>>>>>

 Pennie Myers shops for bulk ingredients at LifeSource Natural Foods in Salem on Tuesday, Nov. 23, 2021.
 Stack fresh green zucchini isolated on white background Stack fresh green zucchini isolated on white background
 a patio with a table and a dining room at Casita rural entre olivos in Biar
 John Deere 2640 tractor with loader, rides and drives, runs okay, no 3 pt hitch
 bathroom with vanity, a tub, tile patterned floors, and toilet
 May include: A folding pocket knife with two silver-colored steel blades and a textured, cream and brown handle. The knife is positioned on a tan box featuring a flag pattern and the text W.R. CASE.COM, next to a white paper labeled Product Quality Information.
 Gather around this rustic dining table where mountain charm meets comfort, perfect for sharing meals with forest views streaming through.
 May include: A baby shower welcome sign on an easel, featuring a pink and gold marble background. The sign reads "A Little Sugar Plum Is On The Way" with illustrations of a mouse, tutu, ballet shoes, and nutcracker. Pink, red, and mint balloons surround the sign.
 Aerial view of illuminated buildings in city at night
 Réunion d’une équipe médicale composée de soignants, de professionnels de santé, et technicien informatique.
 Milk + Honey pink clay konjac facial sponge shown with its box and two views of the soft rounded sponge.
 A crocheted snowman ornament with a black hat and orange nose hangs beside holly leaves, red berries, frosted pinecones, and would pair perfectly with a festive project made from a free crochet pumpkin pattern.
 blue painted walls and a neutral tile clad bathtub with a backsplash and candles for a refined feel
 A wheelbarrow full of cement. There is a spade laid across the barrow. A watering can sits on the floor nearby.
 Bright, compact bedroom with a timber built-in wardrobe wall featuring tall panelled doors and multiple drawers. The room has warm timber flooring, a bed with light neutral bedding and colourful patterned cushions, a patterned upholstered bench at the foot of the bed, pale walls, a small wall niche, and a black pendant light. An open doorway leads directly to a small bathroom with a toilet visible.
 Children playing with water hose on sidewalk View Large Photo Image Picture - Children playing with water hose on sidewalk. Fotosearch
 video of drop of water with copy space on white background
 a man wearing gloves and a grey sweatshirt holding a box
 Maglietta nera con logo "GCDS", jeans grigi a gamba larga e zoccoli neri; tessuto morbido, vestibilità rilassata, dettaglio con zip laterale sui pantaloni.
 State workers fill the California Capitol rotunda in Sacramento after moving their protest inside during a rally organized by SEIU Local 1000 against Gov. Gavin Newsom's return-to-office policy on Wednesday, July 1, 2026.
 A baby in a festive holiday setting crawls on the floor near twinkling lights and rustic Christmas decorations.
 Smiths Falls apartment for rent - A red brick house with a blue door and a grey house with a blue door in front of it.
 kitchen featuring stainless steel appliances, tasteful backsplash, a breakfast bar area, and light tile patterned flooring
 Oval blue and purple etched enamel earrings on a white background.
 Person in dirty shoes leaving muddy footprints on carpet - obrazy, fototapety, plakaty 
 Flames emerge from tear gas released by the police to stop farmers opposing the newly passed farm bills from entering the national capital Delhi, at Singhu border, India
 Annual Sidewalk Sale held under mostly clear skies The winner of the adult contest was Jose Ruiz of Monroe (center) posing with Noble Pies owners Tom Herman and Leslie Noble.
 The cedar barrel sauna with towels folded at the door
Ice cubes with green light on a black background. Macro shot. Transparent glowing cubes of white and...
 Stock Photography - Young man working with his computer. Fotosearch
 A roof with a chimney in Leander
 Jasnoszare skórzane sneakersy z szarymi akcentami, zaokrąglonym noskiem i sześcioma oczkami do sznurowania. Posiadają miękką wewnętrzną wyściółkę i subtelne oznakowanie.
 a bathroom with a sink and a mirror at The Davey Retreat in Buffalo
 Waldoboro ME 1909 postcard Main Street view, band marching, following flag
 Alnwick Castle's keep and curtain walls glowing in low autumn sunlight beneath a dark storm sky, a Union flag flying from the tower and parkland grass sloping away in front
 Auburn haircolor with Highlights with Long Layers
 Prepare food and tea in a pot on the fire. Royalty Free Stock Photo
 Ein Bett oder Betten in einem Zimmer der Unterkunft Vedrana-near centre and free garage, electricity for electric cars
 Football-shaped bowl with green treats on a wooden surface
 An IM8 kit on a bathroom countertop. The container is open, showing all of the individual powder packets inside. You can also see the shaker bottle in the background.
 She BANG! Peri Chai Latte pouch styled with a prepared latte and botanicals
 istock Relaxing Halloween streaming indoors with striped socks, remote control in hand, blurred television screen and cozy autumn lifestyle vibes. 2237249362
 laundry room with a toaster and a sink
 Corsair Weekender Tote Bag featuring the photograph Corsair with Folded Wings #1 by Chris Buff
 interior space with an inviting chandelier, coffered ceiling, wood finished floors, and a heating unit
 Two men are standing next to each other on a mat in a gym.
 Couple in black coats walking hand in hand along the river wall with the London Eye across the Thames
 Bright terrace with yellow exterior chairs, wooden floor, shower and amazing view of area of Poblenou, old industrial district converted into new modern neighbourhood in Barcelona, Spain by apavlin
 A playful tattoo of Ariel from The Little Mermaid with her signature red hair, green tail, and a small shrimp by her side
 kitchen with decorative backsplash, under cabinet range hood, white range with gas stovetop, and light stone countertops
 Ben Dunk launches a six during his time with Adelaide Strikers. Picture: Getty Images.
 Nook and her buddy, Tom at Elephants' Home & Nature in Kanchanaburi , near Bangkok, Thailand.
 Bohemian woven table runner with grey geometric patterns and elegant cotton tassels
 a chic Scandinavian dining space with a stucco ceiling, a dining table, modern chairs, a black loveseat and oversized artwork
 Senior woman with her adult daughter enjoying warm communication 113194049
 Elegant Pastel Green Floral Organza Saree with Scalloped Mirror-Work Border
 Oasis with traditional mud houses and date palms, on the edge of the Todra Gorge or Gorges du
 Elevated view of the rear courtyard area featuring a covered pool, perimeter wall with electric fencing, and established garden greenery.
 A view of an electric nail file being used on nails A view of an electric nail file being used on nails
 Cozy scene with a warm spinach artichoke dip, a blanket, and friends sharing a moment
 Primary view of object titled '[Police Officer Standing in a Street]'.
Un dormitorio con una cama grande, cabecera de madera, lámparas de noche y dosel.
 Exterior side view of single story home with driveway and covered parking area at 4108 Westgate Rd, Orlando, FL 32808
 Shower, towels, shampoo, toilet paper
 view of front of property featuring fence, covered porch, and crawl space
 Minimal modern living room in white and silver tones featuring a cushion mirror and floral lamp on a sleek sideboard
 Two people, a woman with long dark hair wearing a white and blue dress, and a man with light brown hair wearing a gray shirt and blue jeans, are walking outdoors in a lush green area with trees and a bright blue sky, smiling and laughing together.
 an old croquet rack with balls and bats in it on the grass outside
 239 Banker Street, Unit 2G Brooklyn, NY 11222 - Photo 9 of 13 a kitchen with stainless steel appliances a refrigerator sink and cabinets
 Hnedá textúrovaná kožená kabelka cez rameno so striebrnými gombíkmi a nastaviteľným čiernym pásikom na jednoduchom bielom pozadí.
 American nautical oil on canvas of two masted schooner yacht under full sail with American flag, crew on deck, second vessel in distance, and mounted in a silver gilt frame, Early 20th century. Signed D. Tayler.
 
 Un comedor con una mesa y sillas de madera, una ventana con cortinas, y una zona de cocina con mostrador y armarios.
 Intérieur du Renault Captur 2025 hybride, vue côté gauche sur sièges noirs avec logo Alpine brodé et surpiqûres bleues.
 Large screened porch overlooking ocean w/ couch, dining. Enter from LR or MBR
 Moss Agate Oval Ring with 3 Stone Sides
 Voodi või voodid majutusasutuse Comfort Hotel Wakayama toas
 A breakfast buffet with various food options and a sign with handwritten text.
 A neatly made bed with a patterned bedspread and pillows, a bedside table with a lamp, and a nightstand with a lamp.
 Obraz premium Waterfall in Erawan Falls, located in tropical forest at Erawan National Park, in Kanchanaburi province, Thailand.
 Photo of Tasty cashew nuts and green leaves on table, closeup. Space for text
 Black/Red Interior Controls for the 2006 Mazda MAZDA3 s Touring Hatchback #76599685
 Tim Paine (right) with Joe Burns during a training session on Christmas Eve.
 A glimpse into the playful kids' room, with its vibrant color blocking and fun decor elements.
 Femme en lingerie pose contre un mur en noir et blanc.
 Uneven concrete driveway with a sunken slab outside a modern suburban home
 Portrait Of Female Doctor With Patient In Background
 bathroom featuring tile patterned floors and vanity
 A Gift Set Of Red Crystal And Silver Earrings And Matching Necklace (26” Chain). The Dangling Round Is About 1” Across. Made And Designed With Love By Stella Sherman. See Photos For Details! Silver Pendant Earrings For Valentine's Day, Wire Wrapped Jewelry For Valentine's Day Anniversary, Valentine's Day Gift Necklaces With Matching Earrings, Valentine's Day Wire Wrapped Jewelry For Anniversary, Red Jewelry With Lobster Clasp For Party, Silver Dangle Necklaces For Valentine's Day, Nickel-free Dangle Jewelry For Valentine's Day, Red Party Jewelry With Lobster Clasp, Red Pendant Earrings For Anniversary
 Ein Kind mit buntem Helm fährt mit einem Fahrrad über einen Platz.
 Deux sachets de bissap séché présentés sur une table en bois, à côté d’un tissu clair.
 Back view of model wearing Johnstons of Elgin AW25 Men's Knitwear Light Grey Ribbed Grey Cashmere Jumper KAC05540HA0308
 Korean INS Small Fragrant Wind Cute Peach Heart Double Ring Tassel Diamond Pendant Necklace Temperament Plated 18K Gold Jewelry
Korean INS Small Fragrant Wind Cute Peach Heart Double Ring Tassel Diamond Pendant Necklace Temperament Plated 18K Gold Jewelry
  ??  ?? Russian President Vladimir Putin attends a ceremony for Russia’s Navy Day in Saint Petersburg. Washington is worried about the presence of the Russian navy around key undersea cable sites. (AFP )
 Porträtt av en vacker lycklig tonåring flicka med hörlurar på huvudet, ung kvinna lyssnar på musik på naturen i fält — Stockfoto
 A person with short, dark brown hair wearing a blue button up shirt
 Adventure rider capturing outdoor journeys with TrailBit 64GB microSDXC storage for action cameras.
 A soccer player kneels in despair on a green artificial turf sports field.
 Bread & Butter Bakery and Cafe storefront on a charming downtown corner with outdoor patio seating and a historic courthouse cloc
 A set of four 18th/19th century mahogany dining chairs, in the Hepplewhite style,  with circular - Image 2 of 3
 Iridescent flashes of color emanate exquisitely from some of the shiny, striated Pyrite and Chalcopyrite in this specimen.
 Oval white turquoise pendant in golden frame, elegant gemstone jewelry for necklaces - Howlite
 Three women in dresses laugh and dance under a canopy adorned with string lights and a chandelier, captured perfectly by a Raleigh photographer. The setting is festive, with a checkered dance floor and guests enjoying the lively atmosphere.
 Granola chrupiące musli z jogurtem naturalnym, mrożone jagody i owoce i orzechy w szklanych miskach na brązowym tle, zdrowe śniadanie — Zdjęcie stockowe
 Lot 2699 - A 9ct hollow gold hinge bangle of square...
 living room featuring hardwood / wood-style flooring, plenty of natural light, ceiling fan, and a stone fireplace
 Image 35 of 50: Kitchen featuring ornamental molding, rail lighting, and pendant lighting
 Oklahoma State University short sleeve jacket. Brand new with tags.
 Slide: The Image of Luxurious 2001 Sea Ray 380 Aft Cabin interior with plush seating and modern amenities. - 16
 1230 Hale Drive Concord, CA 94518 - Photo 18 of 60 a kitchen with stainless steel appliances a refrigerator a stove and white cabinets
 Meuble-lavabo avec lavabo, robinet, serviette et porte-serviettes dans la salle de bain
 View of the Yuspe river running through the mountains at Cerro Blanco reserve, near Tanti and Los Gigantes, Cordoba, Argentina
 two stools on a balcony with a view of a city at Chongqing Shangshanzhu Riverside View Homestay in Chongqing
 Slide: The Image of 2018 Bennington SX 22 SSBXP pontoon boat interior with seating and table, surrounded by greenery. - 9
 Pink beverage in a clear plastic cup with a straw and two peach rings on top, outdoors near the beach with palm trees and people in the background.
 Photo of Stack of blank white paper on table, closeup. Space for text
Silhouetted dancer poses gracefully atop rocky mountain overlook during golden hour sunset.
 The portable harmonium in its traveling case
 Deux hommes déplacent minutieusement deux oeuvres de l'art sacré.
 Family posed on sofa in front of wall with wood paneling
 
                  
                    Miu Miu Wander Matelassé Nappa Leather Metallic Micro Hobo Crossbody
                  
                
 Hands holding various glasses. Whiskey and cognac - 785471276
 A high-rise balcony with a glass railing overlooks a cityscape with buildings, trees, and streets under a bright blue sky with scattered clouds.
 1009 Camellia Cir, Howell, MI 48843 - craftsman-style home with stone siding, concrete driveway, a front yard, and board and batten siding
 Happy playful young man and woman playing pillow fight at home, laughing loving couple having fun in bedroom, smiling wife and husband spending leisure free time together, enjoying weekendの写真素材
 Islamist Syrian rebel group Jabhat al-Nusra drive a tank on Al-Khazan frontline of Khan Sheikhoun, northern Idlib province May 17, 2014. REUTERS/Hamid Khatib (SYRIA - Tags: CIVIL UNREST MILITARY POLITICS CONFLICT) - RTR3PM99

<<<<<

Only lines with the word "Oval" are wanted. Find and copy them from the records above.

### Result
 Oval blue and purple etched enamel earrings on a white background.
 Moss Agate Oval Ring with 3 Stone Sides
 Oval white turquoise pendant in golden frame, elegant gemstone jewelry for necklaces - Howlite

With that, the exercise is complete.